See below for more from Variety‘s interview with Toussaint about “House of the Dragon” Season 3, Episode 3.

Why did Corlys finally asks Rhaenyra to legitimize Alyn and Addam as his children? Why now?

If there is one event that is the catalyst, I would have to say it goes right back to that moment where Rhaenys says, I know who they are. Because what she says is I know who he is, and basically she says words to the effect of, “It’s not their fault that you were a shitty dad and you need to recognize them.” And then not long after that confrontation, she’s dead. So I feel that there’s an element of Corlys honoring his dead wife, the one person that he truly loved, honoring her and trying to do the right thing because she wanted that and she was smart and so forth. That’s the reason why later on in that same season when Alyn is telling him off and saying, “What do you think it was like for us as kids growing up and you were in that big house,” that’s why he takes that and doesn’t sort of argue back or banish him. That’s the reason he then has that scene in Episode 1 of this season, where they’re in the cabin before the battle, and he, for shock of all shocks for Corlys, he says to Alyn, “I’m sorry for what I did,” which is a big deal for him. I would put it back to Rhaenys saying, “You need to do right by those kids.”

What do you think pushed Corlys to the point where he would publicly call Jace, Luke and Joffrey bastards after years of defending his “grandsons” and showing great love for them and even making Luke his heir?

I remember, the night before we were going to shoot that, I was trying to think like Corlys, and thinking all those periods of time when he walked around the court and said, “These are my grandkids,” and he knew people were around, just going, “They ain’t his fucking grandkids.” He knew, and he’s like, “I dare you to say anything, I’m going to take them on.” I really believe he did actually love those children.

But all of that plagued on him, I think, those little things. There was even a scene that I recall where Rainey says it’s something like, “Come on, we know the truth, they’re not really,” and he’s like, “No, no.” So he feels like he’s gone to the mat for this girl, for Rhaenyra, and for him it is a small gesture, considering what I’ve lost, for you just to say, “Yeah, those are yours.” Because I still have to take on the fact, yes, I did father these children, and I did abandon them.
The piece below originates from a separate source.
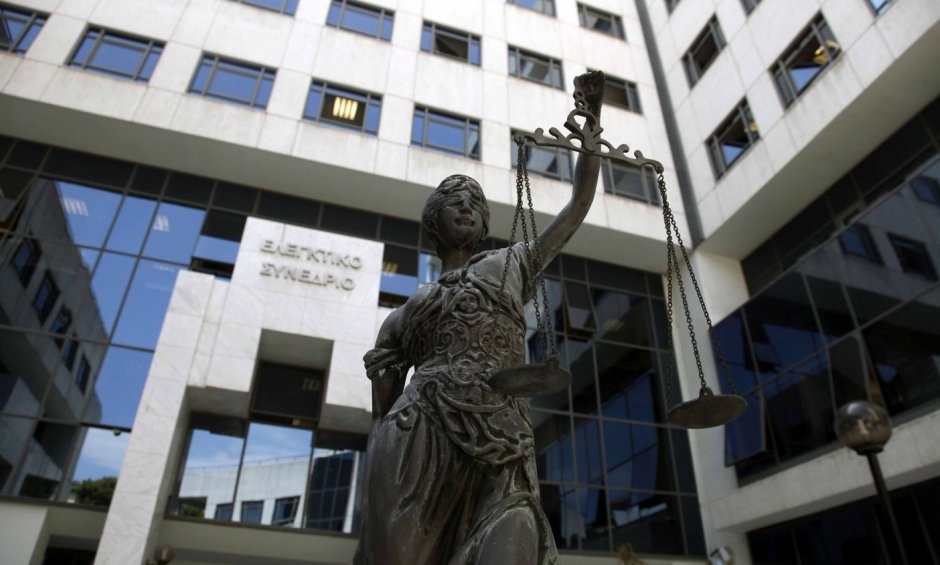 Ελεγκτικό Συνέδριο: Παράνομες οι περικοπές συντάξεων από το 2019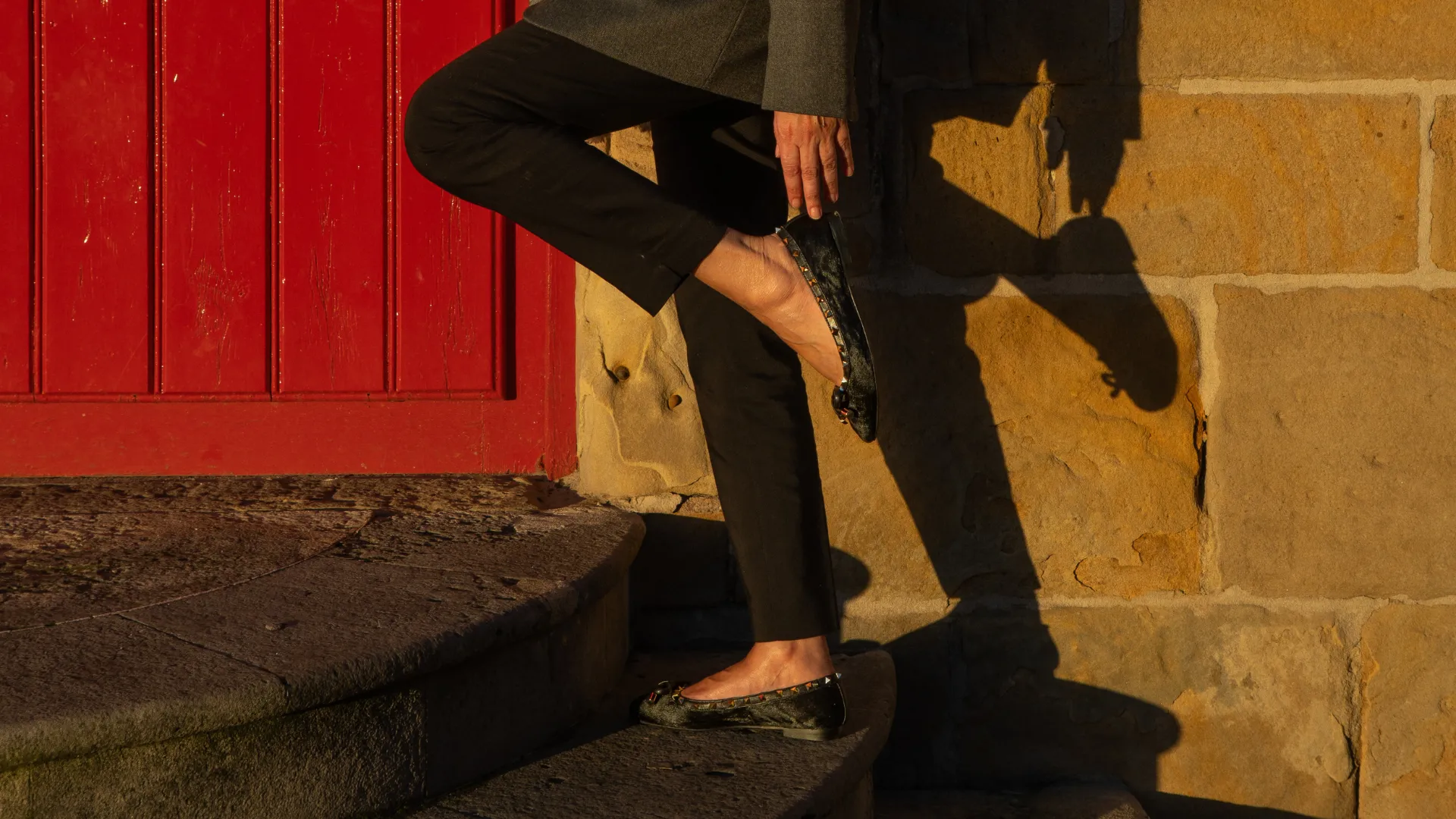 Cómo vestir Primavera sin tacón: looks de oficina y eventos de día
I still have to take on that, so all I’m asking for you, in your wisdom, is just, “Yes, they’re Velaryons.” And then when she doesn’t, I think it all just comes to the boil. He’s counted the cost, looked for the benefits and there have been no benefits. It’s also like, I’m not doing this for me, I’m doing it for them to give them a chance, and you’re taking that away because you’re worried about how things look.

This interview has been edited and condensed.